Un des thèmes qui parcourt le film, sans que l’on s’en aperçoive sur le coup tant tout est fluide (le film est le contraire d’une thèse), c’est l’opposition entre une société britannique guindée, immobile, engoncée dans ses principes, figée dans ses rapports de classe et la liberté, le mouvement, le mépris des conventions et des risques qui caractérisent les deux personnages principaux.
Chacun est dans son registre. Le personnage de Charles Boyer, roublard, d’une grande intelligence et conscience, est superbe dans la dèche et sa maîtrise du verbe subjugue ses interlocuteurs. Le personnage de Jennifer Jones a une extravagance naturelle et charmante, une absence de censure
(ah la scène, si érotique, où, éméchée, elle gazouille et miaule littéralement sur un divan),
une gentillesse, une naïveté qui, parfois, l’apparente à une « ravissante idiote ».
Le film n’est en rien un réquisitoire, aucun personnage n’est réellement méchant mais plutôt victime des préjugés de son époque. Seul le pharmacien auquel Cluny Brown croit, un temps, vouloir se fiancer est très chargé tellement il est figé dans la contemplation satisfaite de son minuscule statut social et dans le puritanisme – la première caractéristique dont il affuble Cluny qui sollicite de lui un commentaire sur son apparence est son « intelligence »...-.

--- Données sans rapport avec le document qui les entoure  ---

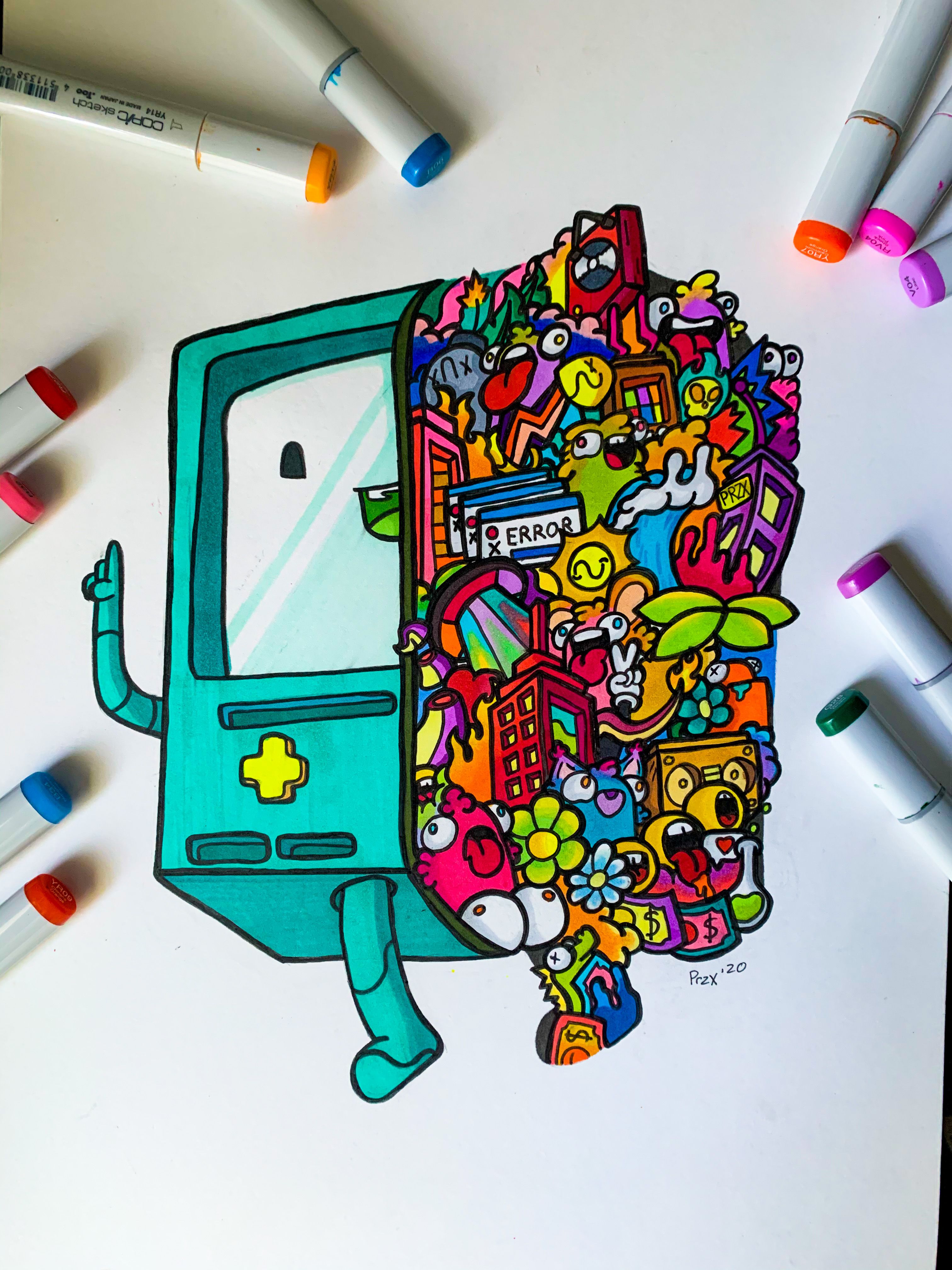 Detail Graffiti Doodle Art Nomer 21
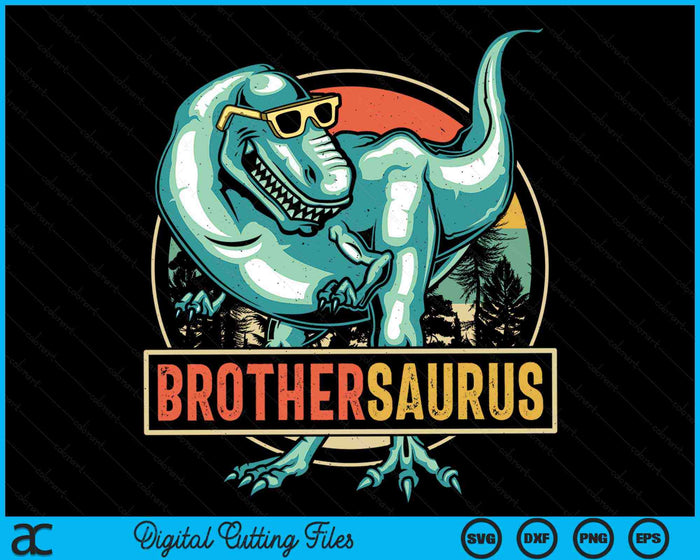 Brothersaurus T Rex dinosaurus Brothersaurus familie bijpassende SVG PNG digitale snijbestanden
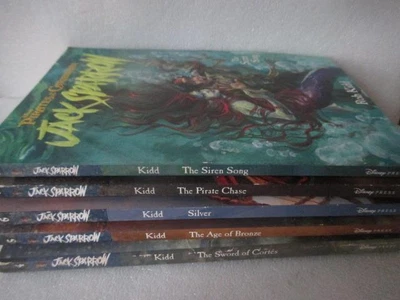 $13.99 • Buy Jack Sparrow Pirates Of The Caribbean Lot Of 5 PB Books 2 Thru 6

Il est, par ailleurs, affublé d’une mère encore plus rigide que lui qui s’exprime uniquement par des raclements de gorges…
On est loin de l’éloquence du personnage de Charles Boyer… Ces scènes de « flirt » sont un vrai morceau de bravoure, une formidable réussite comique d’une rare inventivité.
Courrez voir cette merveille de plus de 70 ans qui n’a pas pris une ride !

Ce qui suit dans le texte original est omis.